Penché en avant, malgré ses hanches dévorées d’arthrose, il prend soin de sa terre. Cela fait deux heures qu’il fait propre le lit des œillets d’Inde, justes sortis du noir. Voilà. L’homme regarde l’immense tapis de labeur. Il y a les gaillardes qui couvent les pommes de terre. Elles sont si conquérantes, solides, rassurantes. Les tubercules souterraines peuvent dormir, sereines. Et les giroflées dansent comme des jeunes filles éméchées. Le pantalon vert sombre s’adoucit à la tendresse des fleurs écloses des courgettes. Généreuses, les voilà qui offrent au jour leur délicatesse. Les haricots en pleurent et l’homme est bouleversé par l’accord des fleurs et des fruits du sol qu’il bénit. Étrange et pénétrante harmonie de la géométrie tranquille et du fouillis des fleurs.
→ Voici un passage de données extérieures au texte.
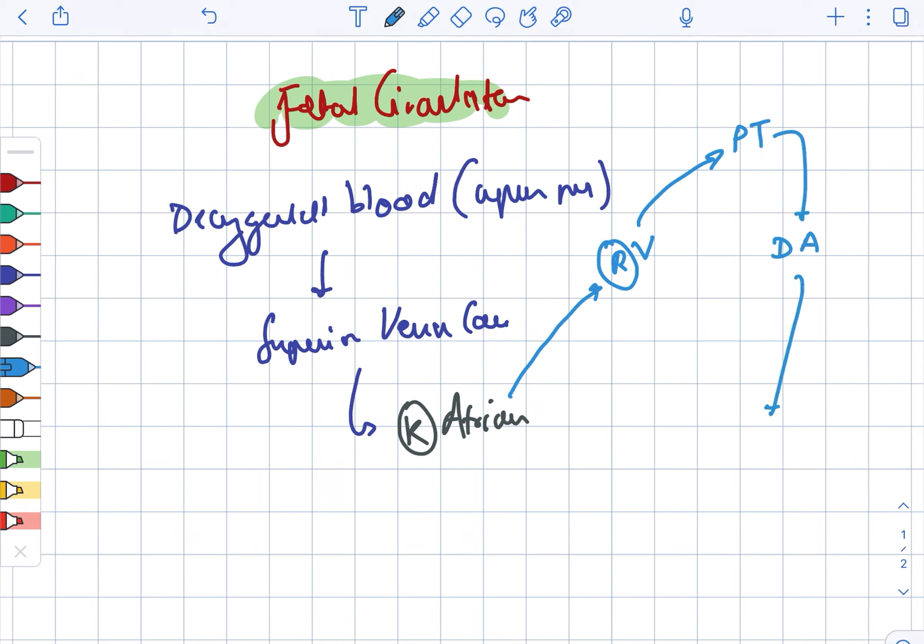Looking at a broader view from the right atrium: there is another pathway where from the right atrium it moves on to the foramen ovale, then to the left atrium, then to the left ventricle. From the left ventricle it goes on to the ascending aorta, which then goes on to the coronary circulation, the brain, and the upper limb.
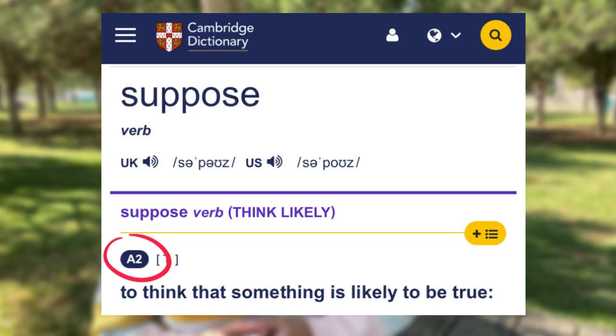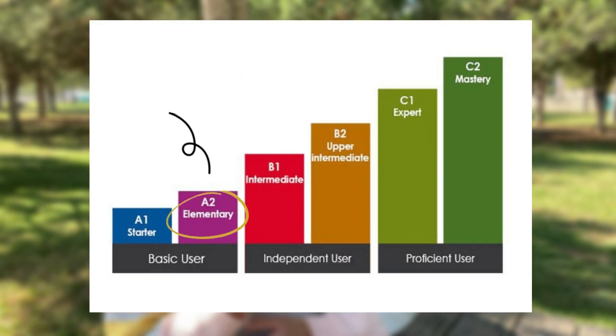Hi everyone! What's up? I hope your day is going swimmingly. I bet you have heard of the word 'suppose.' Suppose. Yes, this is an A2 level word and it means that it's an elementary or basic user English word. But the thing is, it's used in different ways and it has a lot of different meanings. So that's what we're going to talk about today.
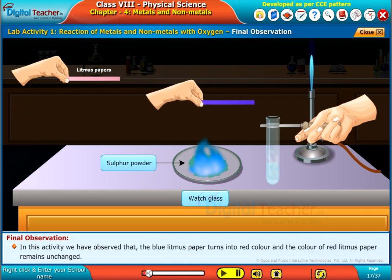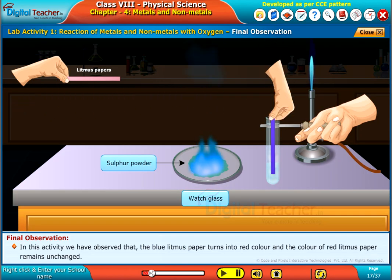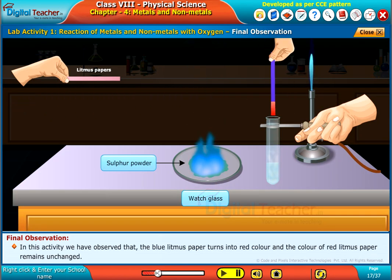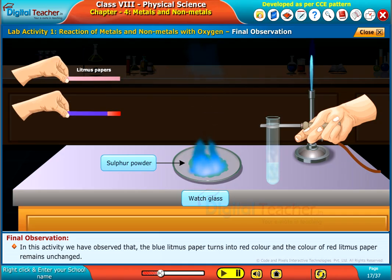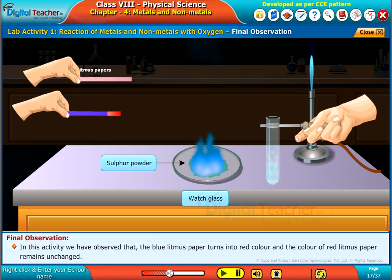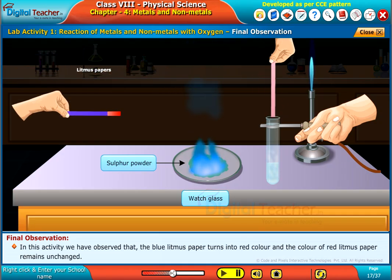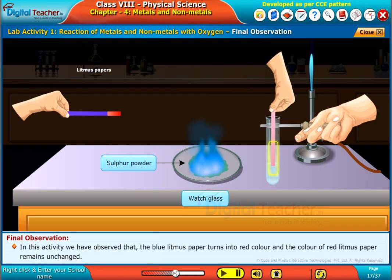In this activity, we have observed that the blue litmus paper turns red and the colour of the red litmus paper remains unchanged.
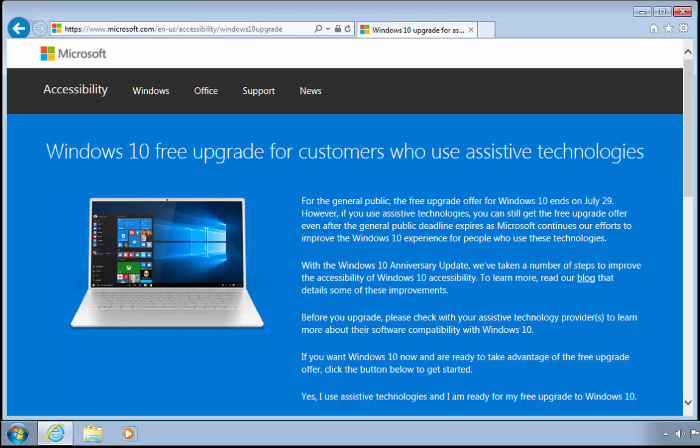This guide shows you how to upgrade to Windows 10 from Windows 7, Windows 8, or Windows 8.1 after the free upgrade ends on the 29th of July.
Il rêve aux cosmos écartelés, aux héliotropes intenses qui élèveront, bientôt, le grand potager vers le ciel. Ils sont la seule transcendance qu’il accepte, qu’il désire, qu’il sente, très profondément dans sa chair. Sensibilité au monde aigüe et toute puissante.

La sueur et les mains noires lui sont données, merci la terre. Ses yeux d’homme se lèvent jusqu’à ses « clos » qu’il soignera demain. Lignes du passé dessiné dans la pente. Il affirme, à chaque coup de bêche, à chaque regard posé, sa servitude volontaire à la rivière vive, à la pierre qui chauffe. Il ne partira plus. De toute façon, il n’y a rien au-delà du bruissement des feuilles. Il sera de tous les labeurs, il fera don de jusqu’au bout de lui à ce trou de verdure qui chante son histoire. Et quand il contemple les arbres portés vers le soleil par les grands orgues basaltiques, tout lavé de verdure et de lumière, il se sait adoubé par la montagne.
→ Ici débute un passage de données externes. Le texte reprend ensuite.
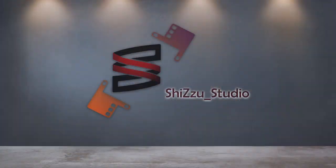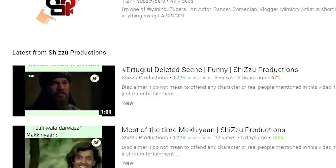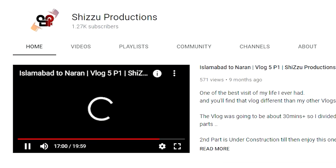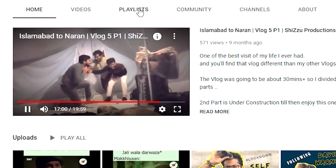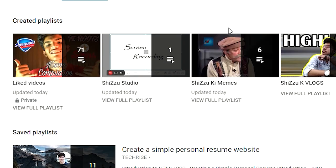I decided to make a new playlist called Shizu Studio, in which I will teach you all about video editing, graphic design, illustrator, etc. If you go to my YouTube channel, you can see that Shizu Studio is a playlist.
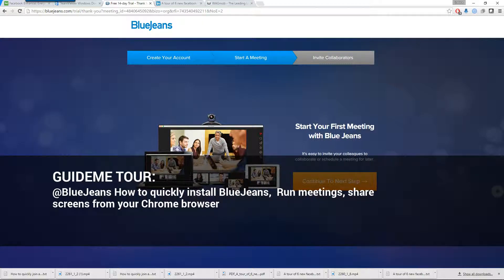Welcome to GuideMe.io. Let's learn at BlueJeans how to quickly install BlueJeans, run meetings, and share screens from your Chrome browser.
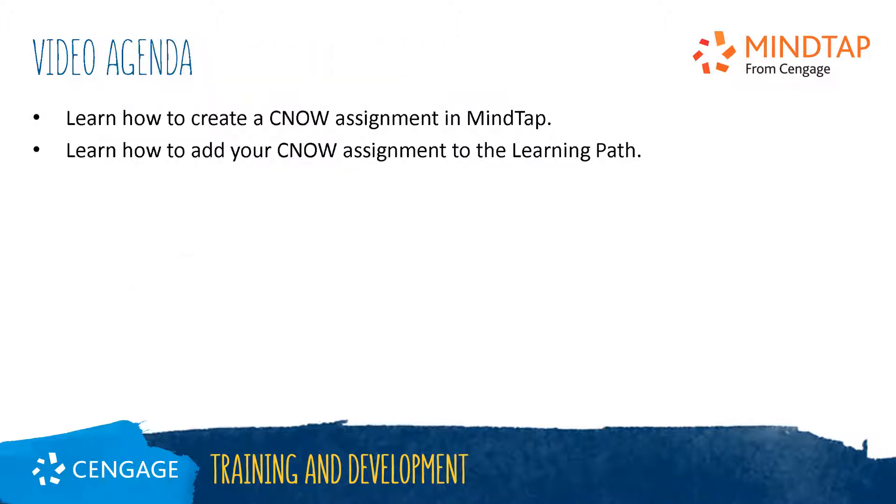This video will guide you through the steps of creating a CNOW assignment in MindTap and adding it to your learning path.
Au soir humide et frissonnant, dans la maison de pierre qui parle le passé, il effeuille des manuscrits charmeurs, pleins de volutes tracées à la plume d’autrefois. Loupe, rigueur scientifique, exigeante recherche. Méthodiquement, il fait renaître pères et mères, les lignages aux nœuds pris dans sa rivière. Amour des êtres disparus qui sont comme des secrets enfouis loin en lui-même. Il les écrit, il les raconte. Vieilles photos, robes bourgeoises sur les perrons des belles demeures, mots élégants et molletonnés. Il dépense son cœur, son encre, sa solitude pour ces chignons perdus. Œuvre de délicatesse et de discrétion, car il dévoile des vies oubliées, mais comme il les chérit, il les met en beauté et ne les trahit pas.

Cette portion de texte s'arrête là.